ASSIGNMENT
Transcribe the whole listing precisely, leaving nothing out.

────────────────────────────────────────

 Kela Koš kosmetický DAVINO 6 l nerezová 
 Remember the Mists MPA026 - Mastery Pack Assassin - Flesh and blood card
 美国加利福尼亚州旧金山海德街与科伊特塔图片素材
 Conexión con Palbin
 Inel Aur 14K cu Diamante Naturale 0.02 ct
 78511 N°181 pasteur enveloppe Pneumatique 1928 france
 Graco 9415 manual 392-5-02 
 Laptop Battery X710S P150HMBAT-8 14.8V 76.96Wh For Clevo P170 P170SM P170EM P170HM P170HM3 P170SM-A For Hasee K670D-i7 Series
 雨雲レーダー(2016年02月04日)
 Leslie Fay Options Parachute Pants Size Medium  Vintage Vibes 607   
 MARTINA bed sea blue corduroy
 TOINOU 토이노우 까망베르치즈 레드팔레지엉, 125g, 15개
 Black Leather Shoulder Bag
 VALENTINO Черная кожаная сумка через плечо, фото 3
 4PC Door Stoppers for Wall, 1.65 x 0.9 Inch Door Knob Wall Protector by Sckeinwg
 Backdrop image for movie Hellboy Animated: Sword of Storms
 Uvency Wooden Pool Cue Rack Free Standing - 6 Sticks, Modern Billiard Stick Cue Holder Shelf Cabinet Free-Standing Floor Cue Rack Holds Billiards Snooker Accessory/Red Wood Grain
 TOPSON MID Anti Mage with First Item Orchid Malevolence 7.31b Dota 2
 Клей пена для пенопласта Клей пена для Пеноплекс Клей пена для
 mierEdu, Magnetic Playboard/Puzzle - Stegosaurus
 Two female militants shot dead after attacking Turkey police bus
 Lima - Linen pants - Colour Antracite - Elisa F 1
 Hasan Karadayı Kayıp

────────────────────────────────────────

ANSWER TO THIS PROBLEM
 Kela Koš kosmetický DAVINO 6 l nerezová 
 Remember the Mists MPA026 - Mastery Pack Assassin - Flesh and blood card
 美国加利福尼亚州旧金山海德街与科伊特塔图片素材
 Conexión con Palbin
 Inel Aur 14K cu Diamante Naturale 0.02 ct
 78511 N°181 pasteur enveloppe Pneumatique 1928 france
 Graco 9415 manual 392-5-02 
 Laptop Battery X710S P150HMBAT-8 14.8V 76.96Wh For Clevo P170 P170SM P170EM P170HM P170HM3 P170SM-A For Hasee K670D-i7 Series
 雨雲レーダー(2016年02月04日)
 Leslie Fay Options Parachute Pants Size Medium  Vintage Vibes 607   
 MARTINA bed sea blue corduroy
 TOINOU 토이노우 까망베르치즈 레드팔레지엉, 125g, 15개
 Black Leather Shoulder Bag
 VALENTINO Черная кожаная сумка через плечо, фото 3
 4PC Door Stoppers for Wall, 1.65 x 0.9 Inch Door Knob Wall Protector by Sckeinwg
 Backdrop image for movie Hellboy Animated: Sword of Storms
 Uvency Wooden Pool Cue Rack Free Standing - 6 Sticks, Modern Billiard Stick Cue Holder Shelf Cabinet Free-Standing Floor Cue Rack Holds Billiards Snooker Accessory/Red Wood Grain
 TOPSON MID Anti Mage with First Item Orchid Malevolence 7.31b Dota 2
 Клей пена для пенопласта Клей пена для Пеноплекс Клей пена для
 mierEdu, Magnetic Playboard/Puzzle - Stegosaurus
 Two female militants shot dead after attacking Turkey police bus
 Lima - Linen pants - Colour Antracite - Elisa F 1
 Hasan Karadayı Kayıp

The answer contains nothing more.